New Minister To Consult Families On Inquiry Into Missing, Murdered Indigenous Women

Governor General David Johnston and Prime Minister Justin Trudeau look on as Carolyn Bennett is sworn in as the Minister of Indigenous and Northern Affairs during ceremonies at Rideau Hall on Nov.4, 2015 in Ottawa.(Adrian Wyld / The Canadian Press)

Governor General David Johnston and Prime Minister Justin Trudeau look on as Carolyn Bennett is sworn in as the Minister of Indigenous and Northern Affairs during ceremonies at Rideau Hall on Nov.4, 2015 in Ottawa.(Adrian Wyld / The Canadian Press)

CTVNews.ca

Canada’s Ministry of Indigenous and Northern Affairs has a new title, a new leader and a new stance on a potential inquiry into missing and murdered indigenous women.

Following her swearing-in for the post, Carolyn Bennett said the issue was “hugely important” and she wanted to promptly begin her work on the issue — but not before consulting with the families of victims.

“We have to end this tragedy and this epidemic,” she told reporters.

“We have committed to get going on this as soon as we can, and we’re going to have to immediately begin talking to the people who can help us get this right.”

Bennett said that she hopes to model the government’s approach after the Royal Commission on Aboriginal Peoples, which resulted in a 4,000-page report in 1996.

“We know we have to listen to the families, we have to listen to the legal strategy team and we know that there will be a pre-consultation in order to make sure that we get this right,” she said.

In particular, she said that commission’s pre-consultation process was integral to the report.

“We have heard from many places that’s the reason why the Royal Commission on Aboriginal Peoples was successful, because the pre-consultation was very effective,” she said.

The commission was established in 1991 in the wake of the Oka Crisis. It recommended a complete overhaul of the relationship between aboriginal and non-aboriginal peoples in Canada, including a new royal proclamation acknowledging the right for self-determination.

A majority of the recommendations were not implemented.

While Bennett stressed the need for the inquiry, she warned against hasty action.

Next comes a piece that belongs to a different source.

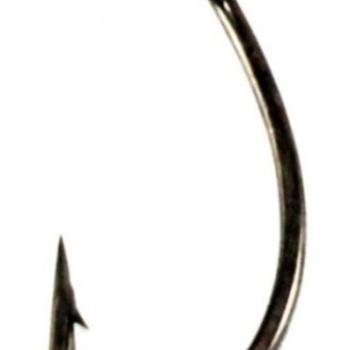 Zfish Teflon Hooks Curved Shank 4-es méret 10 db kép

“We can’t just step out and announce an inquiry, it has to actually do what the families need,” she said.

“They want not only justice, they want support, but they want to make sure this doesn’t happen to any other families after this.”

Bernard Valcourt, the Aboriginal Affairs Minister under Stephen Harper, had previously rejected the need for a national inquiry.

Calls for an investigation into the issue have been growing since an RCMP review last year revealed that 1,181 aboriginal women have been murdered or gone missing since 1980 — 164 missing and 1,017 homicide victims.

In its summary report on the effects of Canada’s residential school system in June, the Truth and Reconciliation Commission also recommended that the government establish a national inquiry.

Derek Nepinak, Grand Chief of Assembly of Manitoba Chiefs, said that he’s been preparing for the launch of a national inquiry from the incoming government.

“We haven’t been sitting back waiting. We’ve been moving forward, hoping that with change coming we could get a lot of files moving,” he said.

Despite Bennett’s focus on the issue on Wednesday, the newly anointed Minister of Status of Women Patty Hajdu told reporters that there has yet to be a discussion on “any of the details.”

“What we did talk about is the incredible platform that we put forward during the campaign and our eagerness to get started,” she said.

“We promised real change to Canadians and I believe we’re going to be able to deliver that.”

But the appearance of change from the Harper regime was consistent on Wednesday.

It was a relationship that under the former prime minister’s nearly 10-year leadership was fraught with tension, according to Assembly of First Nations National Chief Perry Bellegarde.

“(It) was unnecessarily adversarial, and the best interest of First Nations people weren’t really respected or looked after,” he said.

On Wednesday, Prime Minister Justin Trudeau appeared to be taking the first steps towards mending that relationship.

His swearing-in ceremony featured several nods to aboriginal culture.

First, he was ushered into Rideau Hall to the sound of a Cree drumming song.

Then the nation was charmed when two 11-year-old Inuit girls performed traditional throat-singing and repeatedly broke out into giggles, drawing applause from the crowd.

And the ceremony wrapped up with Metis children performing a dance as Trudeau and his new ministers exited the hall.

The sense of change even permeated Trudeau’s newly appointed cabinet.

For the first time, an indigenous woman was given the role of minister of justice.

“I’m immensely proud to be an aboriginal person in this country, and I’m equally proud to be a Canadian,” said Justice Minister Jody Wilson-Raybould.

The ministry that Bennett will oversee also received a new name.

Under the Harper government, the department was known as Aboriginal Affairs and Northern Development, and prior to that it was called Indian and Northern Affairs Canada.

Bennett promised that she would use her new post to build a “respectful” relationship with aboriginal peoples going forward.

“‘Nothing about us, without us’: this means a partnership and First Nations, Inuit (and) Metis will have to look at legislation with us,” she said.